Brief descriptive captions

- - -

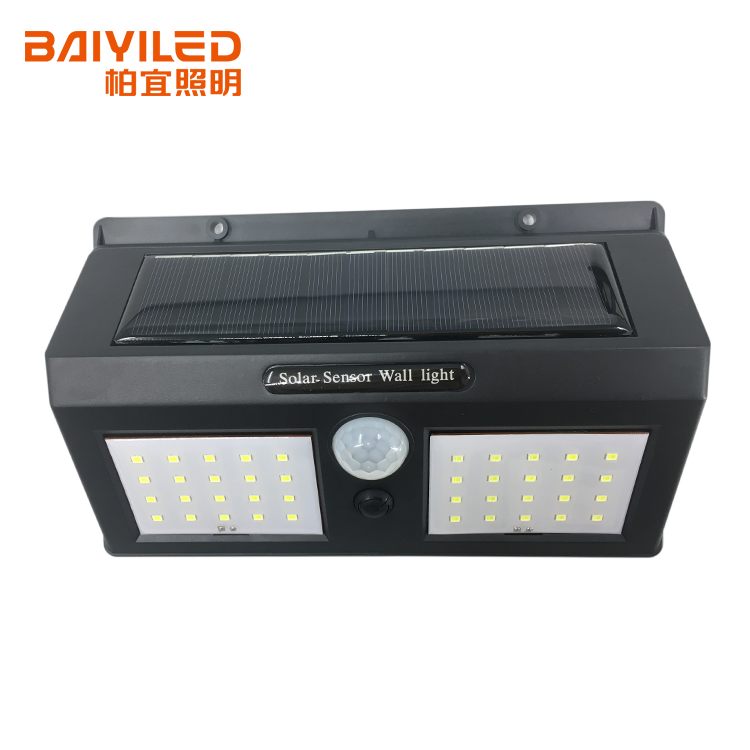 18650 Battery Led Light Powered Garden Wall Solar Lamp With Motion Sensor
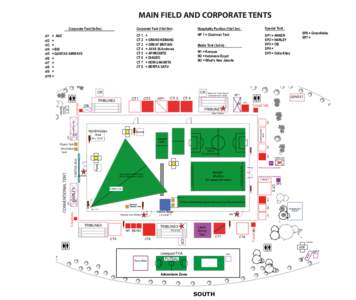 MAIN FIELD AND CORPORATE TENTS Corporate Tent (5x5m) : ct1 = ANZ ct2 = ct3 = ct4 = BIS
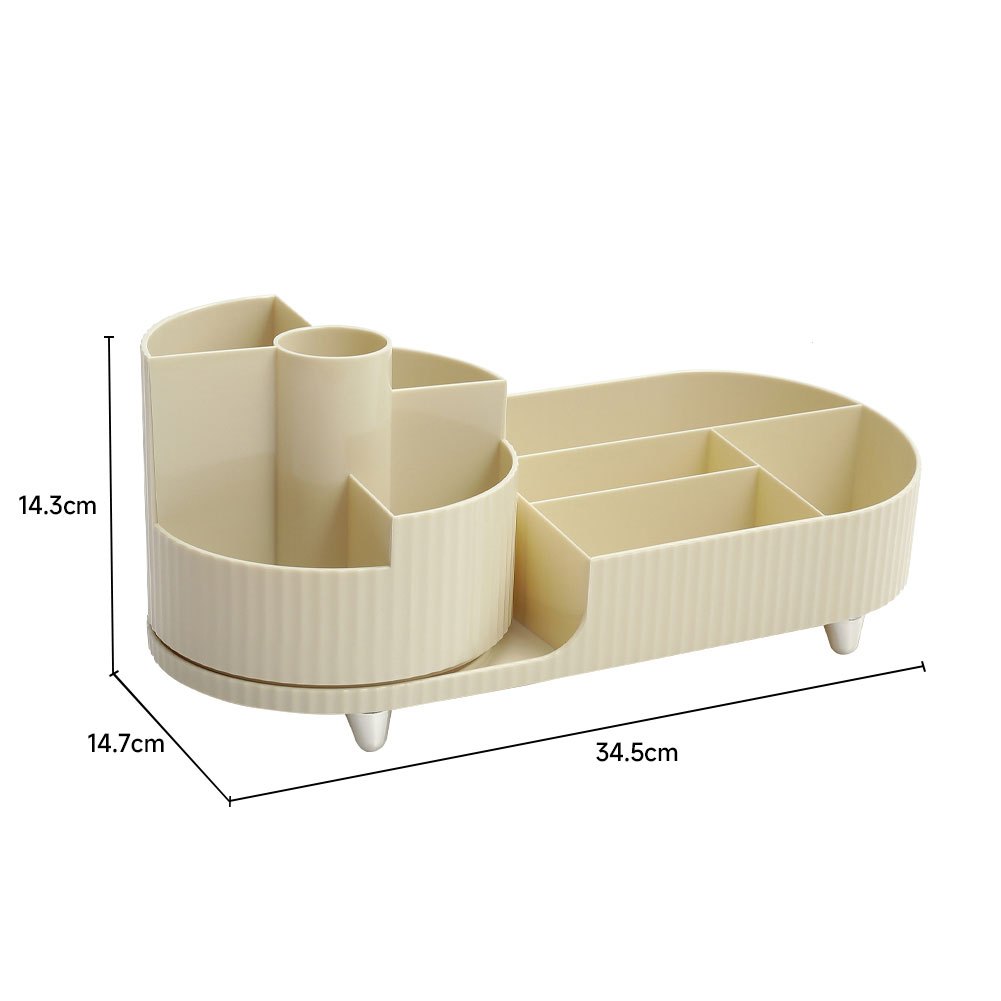 360° Rotating Makeup Organizer - Large Capacity Cosmetic Storage JUST FIT IN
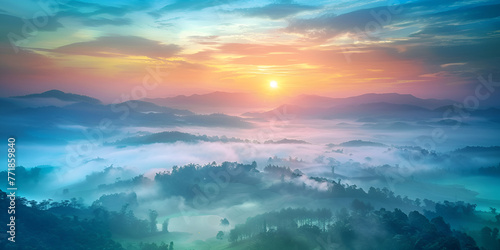 Epic Sunset Landscape in High Definition © Muhammad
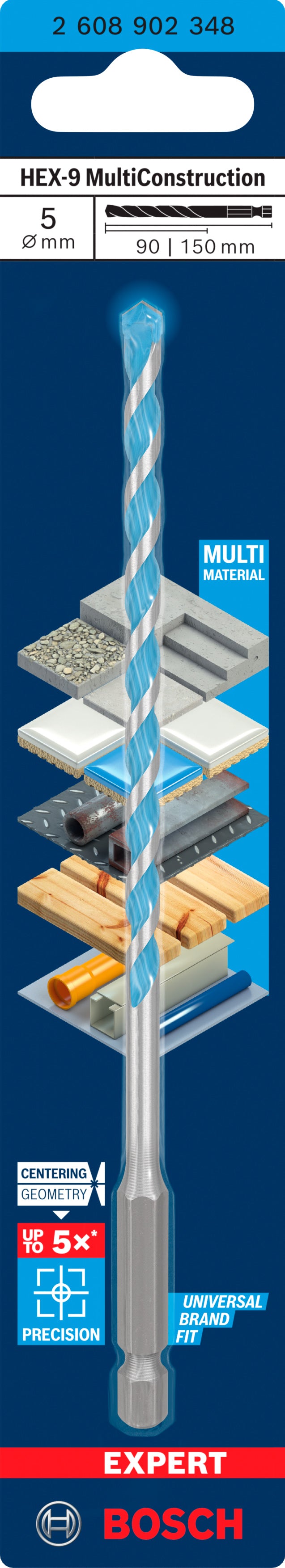 Bosch EXPERT HEX-9 Multi Construction Drill Bi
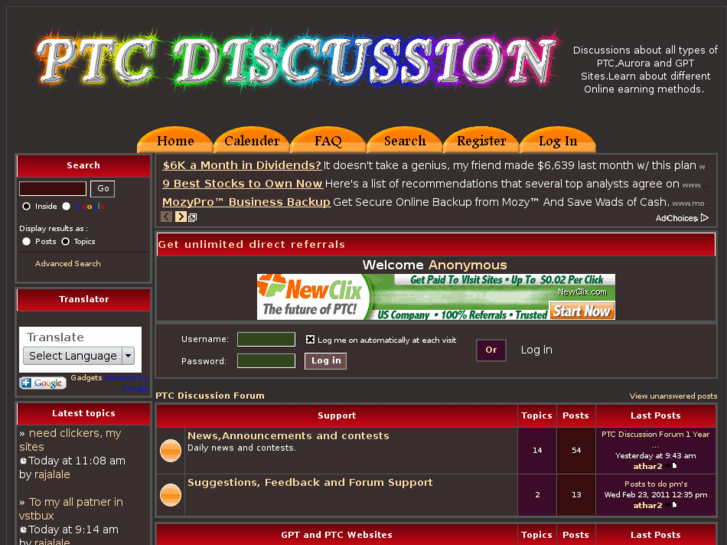 www.ptcdiscussionforum.com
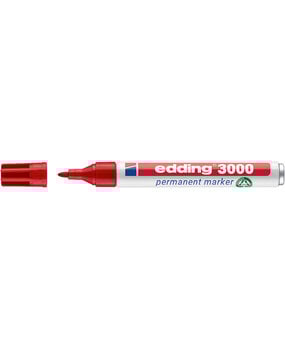 edding e-3000 Permanent Marker Red (4-3000002)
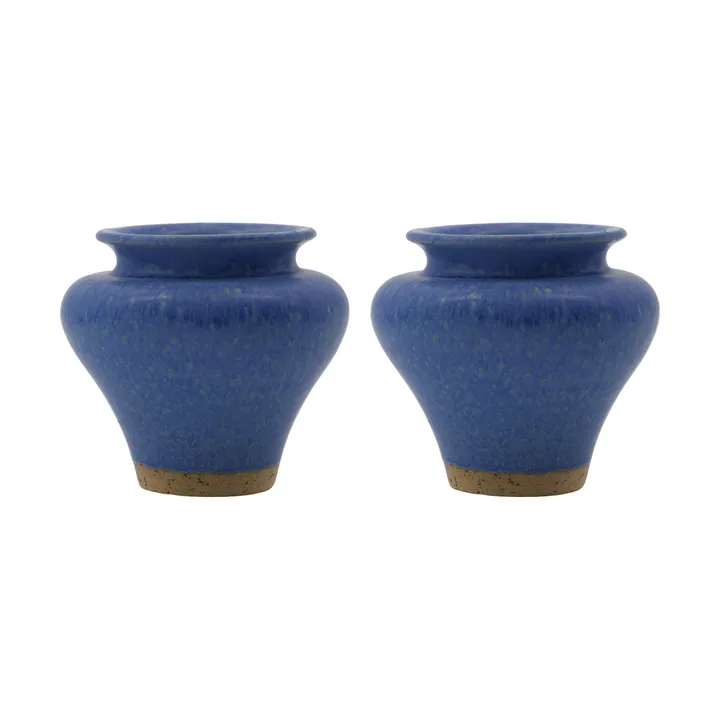 Kolo vaso - Azul, 8,5 cm, pack de 2 - House Doctor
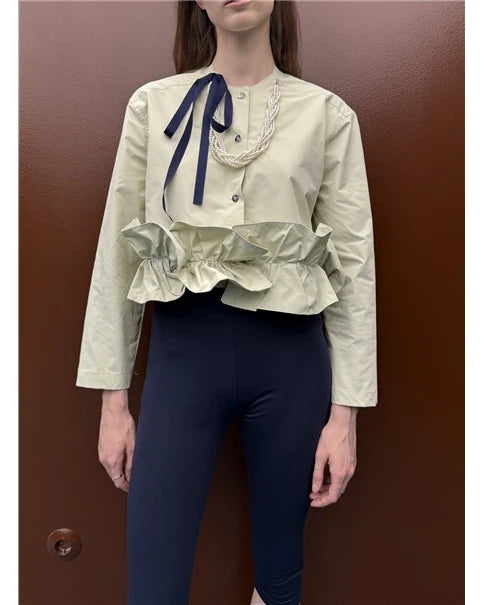 JACKET (YELLOW) MILKWHITE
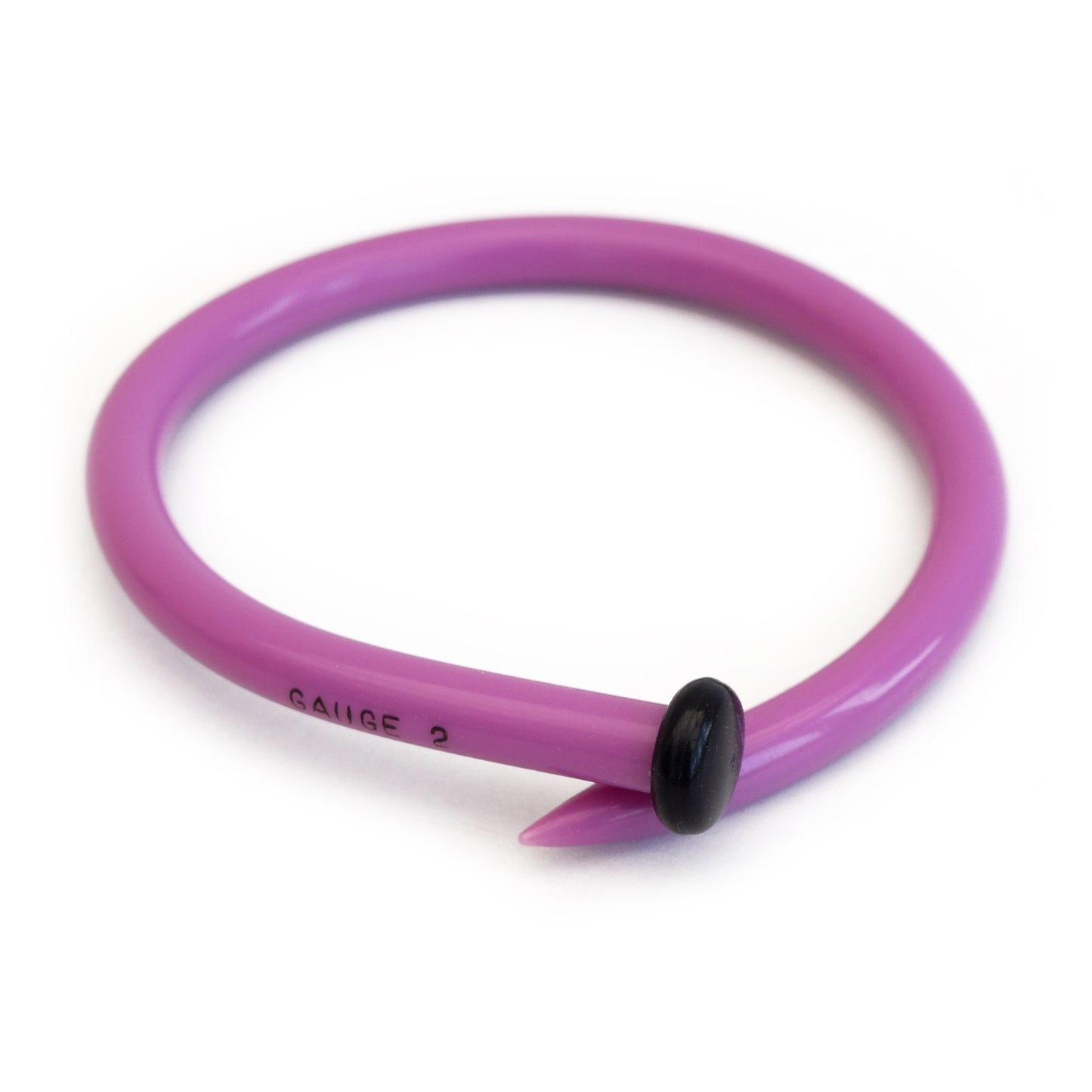 Retro Bangle by Cardigan Lane - Knitting Needle, Purple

- - -

About this exercise ▸ Without including the pictures, return each record above exactly as it stands.

Solution to this problem ▸
 18650 Battery Led Light Powered Garden Wall Solar Lamp With Motion Sensor
 MAIN FIELD AND CORPORATE TENTS Corporate Tent (5x5m) : ct1 = ANZ ct2 = ct3 = ct4 = BIS
 360° Rotating Makeup Organizer - Large Capacity Cosmetic Storage JUST FIT IN
 Epic Sunset Landscape in High Definition © Muhammad
 Bosch EXPERT HEX-9 Multi Construction Drill Bi
 www.ptcdiscussionforum.com
 edding e-3000 Permanent Marker Red (4-3000002)
 Kolo vaso - Azul, 8,5 cm, pack de 2 - House Doctor
 JACKET (YELLOW) MILKWHITE
 Retro Bangle by Cardigan Lane - Knitting Needle, Purple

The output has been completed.